#### PROVIDED RECORDS:
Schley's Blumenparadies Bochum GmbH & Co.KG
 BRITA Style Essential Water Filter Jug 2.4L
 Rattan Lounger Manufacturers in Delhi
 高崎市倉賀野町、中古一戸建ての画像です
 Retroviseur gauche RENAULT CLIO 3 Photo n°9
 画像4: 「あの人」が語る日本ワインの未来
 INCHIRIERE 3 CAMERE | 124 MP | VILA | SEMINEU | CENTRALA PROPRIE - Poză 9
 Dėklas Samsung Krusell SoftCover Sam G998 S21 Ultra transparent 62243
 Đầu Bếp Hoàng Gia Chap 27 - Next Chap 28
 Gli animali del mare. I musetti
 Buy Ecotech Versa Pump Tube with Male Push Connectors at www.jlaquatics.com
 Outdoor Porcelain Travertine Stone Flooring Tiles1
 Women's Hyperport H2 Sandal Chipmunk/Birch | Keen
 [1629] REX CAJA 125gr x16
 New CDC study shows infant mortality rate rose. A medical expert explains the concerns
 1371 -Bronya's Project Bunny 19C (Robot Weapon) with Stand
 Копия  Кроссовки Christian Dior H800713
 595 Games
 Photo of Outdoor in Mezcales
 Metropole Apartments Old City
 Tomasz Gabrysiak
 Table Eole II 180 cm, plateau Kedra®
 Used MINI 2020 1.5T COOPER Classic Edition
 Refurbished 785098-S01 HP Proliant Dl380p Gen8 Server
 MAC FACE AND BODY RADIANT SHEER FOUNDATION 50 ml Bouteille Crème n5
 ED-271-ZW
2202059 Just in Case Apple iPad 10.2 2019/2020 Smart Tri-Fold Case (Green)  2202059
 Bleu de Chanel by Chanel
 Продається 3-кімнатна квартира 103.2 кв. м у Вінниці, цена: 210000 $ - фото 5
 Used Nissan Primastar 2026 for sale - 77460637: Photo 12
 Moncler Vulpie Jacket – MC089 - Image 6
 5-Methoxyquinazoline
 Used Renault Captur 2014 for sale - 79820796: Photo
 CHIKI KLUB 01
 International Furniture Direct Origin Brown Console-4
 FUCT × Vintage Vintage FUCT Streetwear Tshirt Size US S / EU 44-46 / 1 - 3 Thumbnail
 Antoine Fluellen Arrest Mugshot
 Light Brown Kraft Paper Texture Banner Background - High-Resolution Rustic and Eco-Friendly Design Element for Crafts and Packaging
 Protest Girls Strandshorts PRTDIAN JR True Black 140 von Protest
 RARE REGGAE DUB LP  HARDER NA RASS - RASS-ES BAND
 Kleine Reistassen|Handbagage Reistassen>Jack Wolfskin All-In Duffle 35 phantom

#### WORK REQUEST:
Using the records above, restate word for word the lines from the one with "5-Methoxyquinazoline" through the one with "Antoine Fluellen Arrest Mugshot", both included.

#### REPLY TO THE TASK:
 5-Methoxyquinazoline
 Used Renault Captur 2014 for sale - 79820796: Photo
 CHIKI KLUB 01
 International Furniture Direct Origin Brown Console-4
 FUCT × Vintage Vintage FUCT Streetwear Tshirt Size US S / EU 44-46 / 1 - 3 Thumbnail
 Antoine Fluellen Arrest Mugshot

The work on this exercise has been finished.